Mode locale de la tête aux pieds : Voici comment je célébre le Jour de la Terre et la Fashion Revolution Week

 dans Mode

There is no beauty in the finest cloth if it makes hunger and unhappiness. 
– Matahma Gandhi

 

En ce 22 avril, plus de 193 pays célèbrent le Jour de la Terre. Ce lundi marque aussi le début de la semaine de la Fashion Revolution qui vise à promouvoir une mode éthique et durable. Ce mouvement a été créé en réponse à l’effondrement du Rana Plaza, survenu au Bangladesh le 24 avril 2013, et qui a entraîné la mort de plus de 1110 personnes.
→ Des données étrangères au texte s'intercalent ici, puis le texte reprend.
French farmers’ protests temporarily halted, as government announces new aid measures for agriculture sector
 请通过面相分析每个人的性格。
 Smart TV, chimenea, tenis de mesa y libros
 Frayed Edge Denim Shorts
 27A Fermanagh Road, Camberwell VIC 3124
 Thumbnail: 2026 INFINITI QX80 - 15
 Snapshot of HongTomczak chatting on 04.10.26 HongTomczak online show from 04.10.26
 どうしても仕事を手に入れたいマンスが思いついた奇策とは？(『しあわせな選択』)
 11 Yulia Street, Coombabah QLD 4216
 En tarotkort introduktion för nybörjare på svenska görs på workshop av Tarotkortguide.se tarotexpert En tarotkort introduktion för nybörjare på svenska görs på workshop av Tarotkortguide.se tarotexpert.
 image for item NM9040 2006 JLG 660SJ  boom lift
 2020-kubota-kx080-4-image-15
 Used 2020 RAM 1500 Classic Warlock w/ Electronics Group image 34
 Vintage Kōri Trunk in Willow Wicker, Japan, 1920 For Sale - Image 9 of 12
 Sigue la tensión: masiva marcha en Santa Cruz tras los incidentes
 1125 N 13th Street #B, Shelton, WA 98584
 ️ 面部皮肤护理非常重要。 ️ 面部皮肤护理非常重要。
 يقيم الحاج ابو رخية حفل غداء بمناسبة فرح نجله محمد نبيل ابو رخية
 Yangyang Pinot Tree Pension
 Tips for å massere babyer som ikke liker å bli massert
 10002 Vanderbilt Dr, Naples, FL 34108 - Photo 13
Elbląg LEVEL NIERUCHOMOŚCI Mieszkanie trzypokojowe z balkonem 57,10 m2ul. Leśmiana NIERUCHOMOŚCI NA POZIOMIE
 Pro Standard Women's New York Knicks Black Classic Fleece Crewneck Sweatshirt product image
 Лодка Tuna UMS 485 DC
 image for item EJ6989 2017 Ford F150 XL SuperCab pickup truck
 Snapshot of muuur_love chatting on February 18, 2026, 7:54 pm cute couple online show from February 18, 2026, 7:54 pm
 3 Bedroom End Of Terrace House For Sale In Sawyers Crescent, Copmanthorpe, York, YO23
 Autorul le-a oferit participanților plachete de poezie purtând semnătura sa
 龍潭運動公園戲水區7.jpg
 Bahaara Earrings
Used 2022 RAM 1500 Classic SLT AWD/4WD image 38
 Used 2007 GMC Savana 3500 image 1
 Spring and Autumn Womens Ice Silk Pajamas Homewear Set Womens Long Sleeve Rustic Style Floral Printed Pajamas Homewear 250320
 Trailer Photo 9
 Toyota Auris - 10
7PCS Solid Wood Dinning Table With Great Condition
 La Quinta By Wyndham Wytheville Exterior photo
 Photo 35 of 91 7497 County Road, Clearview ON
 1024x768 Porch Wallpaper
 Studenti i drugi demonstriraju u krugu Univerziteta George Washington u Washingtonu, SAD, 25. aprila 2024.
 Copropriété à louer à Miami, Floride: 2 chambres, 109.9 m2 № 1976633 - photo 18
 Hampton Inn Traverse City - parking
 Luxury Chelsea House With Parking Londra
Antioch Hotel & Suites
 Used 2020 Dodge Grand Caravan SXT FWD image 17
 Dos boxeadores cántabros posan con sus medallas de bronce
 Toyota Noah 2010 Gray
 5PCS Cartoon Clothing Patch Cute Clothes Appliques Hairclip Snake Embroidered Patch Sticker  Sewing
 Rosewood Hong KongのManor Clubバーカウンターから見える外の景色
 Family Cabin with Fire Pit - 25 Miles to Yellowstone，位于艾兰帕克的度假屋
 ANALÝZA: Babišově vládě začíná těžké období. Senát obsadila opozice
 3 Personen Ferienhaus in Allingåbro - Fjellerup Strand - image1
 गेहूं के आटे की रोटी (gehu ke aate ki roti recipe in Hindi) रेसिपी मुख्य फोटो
Les vraies victimes de la mode

Vous rappelez-vous ? Cette tragédie a (re)mis en lumière les mauvaises conditions de travail et l’environnement totalement non-sécuritaire dans lequel travaillaient les personnes qui font nos vêtements. Quand un t-shirt coûte 10$, c’est parce qu’il y a quelqu’un qui n’a pas été payé pour son travail. Tristement, le drame du Rana Plaza m’a aidé à devenir encore plus sensible aux conditions de production, à la qualité d’un vêtement et à la préservation de l’environnement. Je ne jette rien. J’échange ou je donne.

 

Dailleurs, l’industrie de la mode est une des plus polluantes et qui demande le plus de ressources. La production de masse demande énormément d’eau, de transport et d’humains. Nous voulons toujours de nouveaux vêtements et il y a toujours un nouvel item qui nous plaira, ceci à l’infini tandis que les ressources de notre planète elles, ont une fin.

La mode reste un luxe, non parce que les achats doivent être nécessairement nombreux et dispendieux, mais parce qu’ils ne sont pas tous de première nécéssité. Est-ce juste que notre environnement, les animaux et des humains en paient le prix? Bonne question.

Ma petite histoire avec la mode

Cependant, cela n’a pas toujours été ainsi. J’ai grandi dans un environnement socio-économique défavorisé. Je le dis souvent, car cela a eu une grande influence sur plusieurs aspects de ma vie, dont ma passion pour la mode. Au cours de mon enfance et de mon adolescence, une grande partie de mes vêtements venaient des bazars d’églises et c’était une époque où le vintage n’était pas dans l’air du temps.

Les fois où ma mère pouvait se permettre de m’acheter de nouveaux vêtements, je choisissais des couleurs fades afin d’éviter que d’autres enfants s’aperçoivent que je portais toujours les mêmes. Je me rappelle encore de ce garçon de 14 ans qui m’a dit que ses vêtements provenaient de La Baie et que j’avais l’air d’être habillée par l’Accueil Bonneau…

Quand j’ai commencé à travailler et que je pouvais acheter mes propres vêtements, je choisissais les vêtements les moins chers et les plus ordinaires, pour pouvoir les porter souvent en passant inaperçue. Ensuite, je magasinais dans de grandes chaînes internationales, car je ne connaissais rien d’autre et car je dois l’avouer, je voulais simplement être comme tout le monde, enfin !

 

Heureusement, ma situation a changé et je peux pleinement m’exprimer à travers la mode. Sans être parfaite, j’essaie de faire des achats responsables en soutenant les friperies, les marques éthiques et locales, aussi souvent que je peux comme mes moyens me le permettent. Cela ne se limite pas aux vêtements. Cela s’applique aux bijoux, sacs-à-mains et souliers aussi.

Adopter une mode éthique et durable, c’est prendre conscience qu’il y a des humains derrière les étiquettes “made in” que nous portons. Des humains exactement comme ceux qui ont péri lors de la tragédie du Rana Plaza. C’est réaliser que j’ai un pouvoir et qu’il y a des choix qui sont à ma portée.

J’ai aussi conscience que la plupart des gens n’ont pas les mêmes choix par manque de moyens financiers, accessibilité ou priorités tout comme moi auparavant. En fait, je me considère privilégiée et j’espère que les priviligiés de ce monde prennent conscience de leur pouvoir de consommation.